Start by mastering time-series aggregation, self-joins for cohort analysis, and null-safe comparisons — the three most tested SQL concepts. For coding, practice parsing unstructured logs, handling date arithmetic, and building counters without libraries. Most candidates fail on date edge cases: leap years, daylight saving shifts, and mixed timezones.

Not broad practice — but targeted replication of telecom data patterns.

Not leetcode grinding — but business logic translation.

Not syntax drills — but schema navigation speed.

Work through a structured preparation system (the PM Interview Playbook covers telecom-specific SQL cases with real debrief examples from DACH-region tech firms).

Build a cheat sheet of five query templates: rolling averages, first-touch attribution, churn rate by cohort, plan overlap detection, and anomaly flagging. Memorize nothing — internalize the logic.
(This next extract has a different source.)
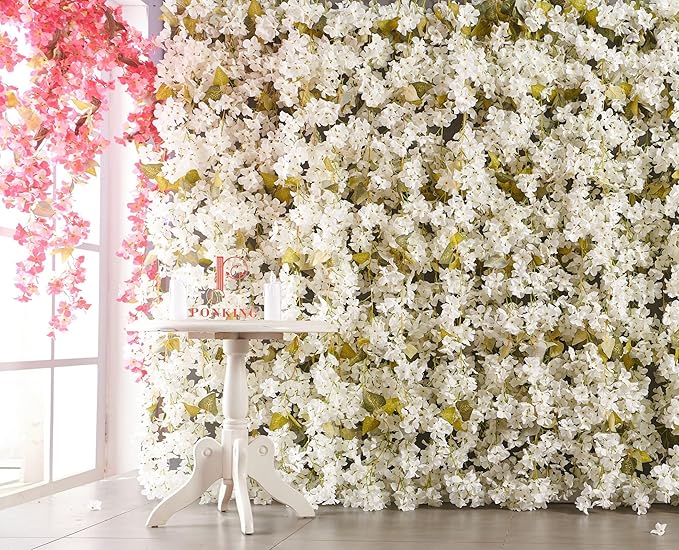 PONKING Flower Garland, Artificial Hydrangea Vine Flowers, Hanging Fake Hydrangeas Vine for Room Anniversary Wedding Birthday Christmas Wall Arch Decor, 2 Pcs, Floral Garland, White Flower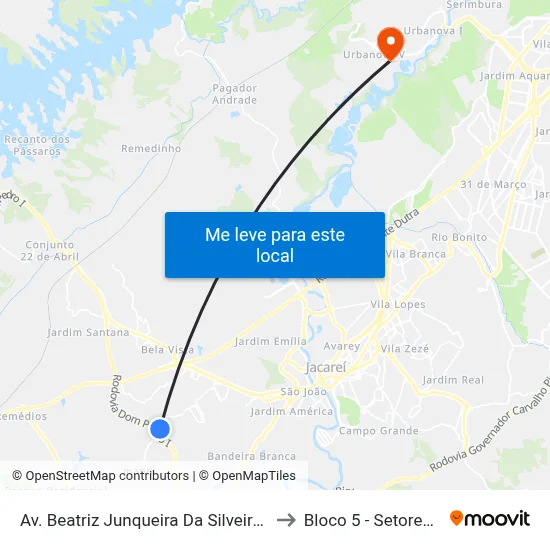 Av. Beatriz Junqueira Da Silveira Santos 29 - Jardim Pedra Mar Jacareí - SP Brasil to Bloco 5 - Setores Administrativos Fve / Univap map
For coding, write 10 small programs without Pandas: deduplicate records, calculate percentiles manually, parse ISO timestamps, group by date ranges, and handle missing keys in dictionaries.

Simulate conditions: 60 minutes, no autocomplete, one monitor. Use sample schemas from public telecom datasets or GitHub repos mimicking CDR (call detail records).

Practice verbalizing every assumption. Say it aloud: “I’m assuming that a user without a cancellation date is active. I’m treating zero usage as valid, not missing.” This mimics real interview expectations.

Finally, review Deutsche Telekom’s public data challenges — they’ve hosted Kaggle-style contests on customer segmentation. Those problems resemble actual interview prompts.

Mistakes to Avoid

BAD: Writing a 50-line SQL query with seven CTEs to solve a three-step problem.
GOOD: Using a single SELECT with conditional aggregation and clear column aliases. One interviewer said: “If I need to scroll to understand your query, you’ve already lost.”

BAD: Assuming all input data is clean during coding.
GOOD: Writing explicit checks for nulls, negative values, and format mismatches — even if the sample data looks perfect. In a 2025 round, a candidate added try-except blocks around date parsing. That single move earned a Strong Pass.

BAD: Jumping into code without clarifying the goal.
GOOD: Asking: “Should I include test accounts?” or “Is the focus on precision or recall for churn flags?” One candidate asked whether to optimize for engineering maintainability or business insight speed. The interviewer noted: “That’s a principal data scientist question — not junior level.”

FAQ

Do they use LeetCode-style algorithm questions?

No. The coding round focuses on data manipulation, not data structures. You won’t see binary trees or dynamic programming. You will see malformed CSVs, inconsistent timestamps, and nested event logs. The challenge is correctness in chaos, not algorithmic elegance.

Is Python the only coding language accepted?

Yes. All coding interviews are in Python 3.x. You cannot use R, Scala, or SQL. The environment is basic — no Jupyter, no libraries beyond built-ins. You’re expected to know how to iterate, parse strings, and manage dictionaries without external tools.

What’s the salary range for data scientists at Deutsche Telekom in 2026?

For mid-level roles (2–4 years experience), base salaries range from €68,000 to €82,000 in Bonn and Darmstadt, €74,000 to €89,000 in Berlin. Total compensation includes a performance bonus (8–12%) and benefits like subsidized mobile plans and public transit passes. Senior roles start at €95,000 with equity-like incentives.